Jonathan Wilson’s book, Inverting the Pyramid, is a history of soccer tactics, but more specifically it’s about the journey toward the 4-2-4 and the modifications made to it since. Really, any formation with a four-man backline is, at times, a 4-2-4 -- when the wingers push up in a 4-4-2, when all the attackers push on in a 4-2-3-1, when one midfielder gets forward in a 4-3-3. The numbers matter less than the principle. The last chapter of Wilson’s book is called “The Triumph of the Pass.” It’s centered around Pep Guardiola’s 2011 Champions League-winning Barcelona team that dominated possession in a way we’d never seen before and haven’t really seen since.
As Wilson writes, “Barcelona did not simply happen”. No, that team was, as he says, “the result of four decades of evolution.” Since then, the game has evolved to where there’s a larger emphasis on pressing high up the field and managing both territory and the transition phases of the game rather than explicitly possession.
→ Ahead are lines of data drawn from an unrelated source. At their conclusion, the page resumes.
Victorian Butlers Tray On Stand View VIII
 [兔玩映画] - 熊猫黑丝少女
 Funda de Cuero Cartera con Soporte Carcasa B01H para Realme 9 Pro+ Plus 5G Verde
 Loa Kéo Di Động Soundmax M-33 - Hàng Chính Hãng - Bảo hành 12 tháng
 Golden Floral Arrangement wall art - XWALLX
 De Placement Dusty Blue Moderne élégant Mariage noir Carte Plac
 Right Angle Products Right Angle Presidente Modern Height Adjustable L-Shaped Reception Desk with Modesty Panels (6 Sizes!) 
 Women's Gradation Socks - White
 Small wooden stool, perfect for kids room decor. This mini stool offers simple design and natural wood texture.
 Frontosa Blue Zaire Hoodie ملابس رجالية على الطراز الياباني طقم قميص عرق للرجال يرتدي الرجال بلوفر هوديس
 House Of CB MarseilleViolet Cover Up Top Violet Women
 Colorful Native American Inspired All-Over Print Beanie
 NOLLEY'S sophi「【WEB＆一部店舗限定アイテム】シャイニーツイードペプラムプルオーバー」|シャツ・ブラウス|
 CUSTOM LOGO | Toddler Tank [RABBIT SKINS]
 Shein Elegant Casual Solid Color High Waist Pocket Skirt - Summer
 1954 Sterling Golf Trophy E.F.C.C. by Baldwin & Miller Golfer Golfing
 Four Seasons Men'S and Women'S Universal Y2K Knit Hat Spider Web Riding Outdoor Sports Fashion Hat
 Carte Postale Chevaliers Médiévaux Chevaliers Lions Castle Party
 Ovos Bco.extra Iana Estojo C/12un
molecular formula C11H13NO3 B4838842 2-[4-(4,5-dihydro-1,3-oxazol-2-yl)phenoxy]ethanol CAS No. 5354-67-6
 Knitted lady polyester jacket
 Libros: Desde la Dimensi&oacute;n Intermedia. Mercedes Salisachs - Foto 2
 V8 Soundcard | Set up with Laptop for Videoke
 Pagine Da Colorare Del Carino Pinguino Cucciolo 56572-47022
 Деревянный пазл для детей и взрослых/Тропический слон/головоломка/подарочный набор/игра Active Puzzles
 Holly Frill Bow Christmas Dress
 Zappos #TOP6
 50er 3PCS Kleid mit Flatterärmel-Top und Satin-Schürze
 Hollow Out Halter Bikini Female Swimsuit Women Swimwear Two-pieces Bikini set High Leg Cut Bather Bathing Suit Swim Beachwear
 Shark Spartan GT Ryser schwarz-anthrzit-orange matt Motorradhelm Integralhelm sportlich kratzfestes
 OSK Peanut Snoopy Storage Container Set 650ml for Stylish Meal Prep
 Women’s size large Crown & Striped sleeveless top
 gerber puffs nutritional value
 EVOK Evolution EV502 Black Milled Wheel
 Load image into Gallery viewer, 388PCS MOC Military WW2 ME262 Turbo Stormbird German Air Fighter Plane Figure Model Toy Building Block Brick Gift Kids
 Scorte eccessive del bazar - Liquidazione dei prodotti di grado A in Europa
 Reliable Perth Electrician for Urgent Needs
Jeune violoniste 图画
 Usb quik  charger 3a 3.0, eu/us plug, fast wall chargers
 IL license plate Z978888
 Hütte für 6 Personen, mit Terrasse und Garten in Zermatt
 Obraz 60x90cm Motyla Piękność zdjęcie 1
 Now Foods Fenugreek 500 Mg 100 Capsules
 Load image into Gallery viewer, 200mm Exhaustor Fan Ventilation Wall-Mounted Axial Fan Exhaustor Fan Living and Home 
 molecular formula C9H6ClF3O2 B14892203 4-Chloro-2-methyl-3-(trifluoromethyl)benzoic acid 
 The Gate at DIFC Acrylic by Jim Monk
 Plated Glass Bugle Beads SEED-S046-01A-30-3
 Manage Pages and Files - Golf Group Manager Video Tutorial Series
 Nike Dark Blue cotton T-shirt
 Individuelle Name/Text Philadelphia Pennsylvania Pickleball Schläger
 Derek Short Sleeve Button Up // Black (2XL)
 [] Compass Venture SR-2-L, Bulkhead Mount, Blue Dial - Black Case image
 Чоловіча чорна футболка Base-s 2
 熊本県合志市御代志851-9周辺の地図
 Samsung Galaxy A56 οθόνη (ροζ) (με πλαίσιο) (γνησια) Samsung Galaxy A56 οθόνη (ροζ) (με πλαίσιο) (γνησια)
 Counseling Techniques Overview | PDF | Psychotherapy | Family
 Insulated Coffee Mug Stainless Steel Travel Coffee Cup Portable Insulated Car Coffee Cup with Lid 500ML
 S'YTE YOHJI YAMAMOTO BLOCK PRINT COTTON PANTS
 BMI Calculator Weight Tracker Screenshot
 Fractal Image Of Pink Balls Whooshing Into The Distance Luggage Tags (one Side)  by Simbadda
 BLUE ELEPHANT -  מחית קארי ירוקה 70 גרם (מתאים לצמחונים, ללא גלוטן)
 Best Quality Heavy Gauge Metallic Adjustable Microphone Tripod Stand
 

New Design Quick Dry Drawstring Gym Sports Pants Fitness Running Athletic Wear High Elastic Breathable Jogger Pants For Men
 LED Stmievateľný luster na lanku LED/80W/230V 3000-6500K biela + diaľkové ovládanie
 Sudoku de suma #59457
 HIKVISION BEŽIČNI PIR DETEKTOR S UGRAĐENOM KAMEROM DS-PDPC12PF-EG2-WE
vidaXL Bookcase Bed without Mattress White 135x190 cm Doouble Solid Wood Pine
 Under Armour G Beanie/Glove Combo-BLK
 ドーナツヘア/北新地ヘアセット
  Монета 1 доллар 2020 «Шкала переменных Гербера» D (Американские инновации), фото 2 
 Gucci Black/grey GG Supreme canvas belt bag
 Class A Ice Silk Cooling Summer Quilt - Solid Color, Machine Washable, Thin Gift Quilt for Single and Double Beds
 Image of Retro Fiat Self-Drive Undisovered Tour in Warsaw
By disrupting and marginalizing possession, that trend is, in itself, a reaction to Barcelona’s dominance. And for a team that -- if its ambitions come together -- will not have enough space in the lineup to play enough players for a dominant possession-heavy midfield, that’s exactly how this new version of Barcelona will likely have to play.
I can’t believe I’m saying this, but it seems like Neymar, who has been accused of rape, heading Barcelona might actually happen. Now, when applied to every transfer, Occam’s Razor scrapes out a message that reads: Not happening. If one thing falls apart, so does the whole deal. And with any player-transfer, there are so many moving pieces and intermediaries and levels of discussions (i.e. contract negotiations with the new team, and transfer-fee negotiations between the new and old team), so there are, simply, more things that can potentially fall apart.
However, there is a lot of smoke surrounding the Neymar move, so much so that perhaps one day it’ll make us all pass out, we’ll wake up, and he’ll be back with the Blaugrarna -- as if he’d never left. It started last month when PSG chairman Nasser Al-Khelaifi said, "Nobody forced Neymar to sign for us. Nobody pushed him here. He knowingly signed up for this project." Then Barcelona’s vice president humbly suggested this: "For the moment all that is happening -- and not only with Neymar -- is that a number of players would like to play for a great club like Barcelona. We will see what happens in timely fashion". Barcelona president Josip-Maria Bartomeu followed that up with some classic soccer-director performative naivety: “We know that Neymar wants to leave PSG, but PSG don't want to sell him, so there's no Neymar case... We never speak about players from other teams.” Then, Neymar showed up a week late to PSG’s preseason and has since, reportedly, made his desire to return to Catalonia clear to PSG sporting director Leonardo.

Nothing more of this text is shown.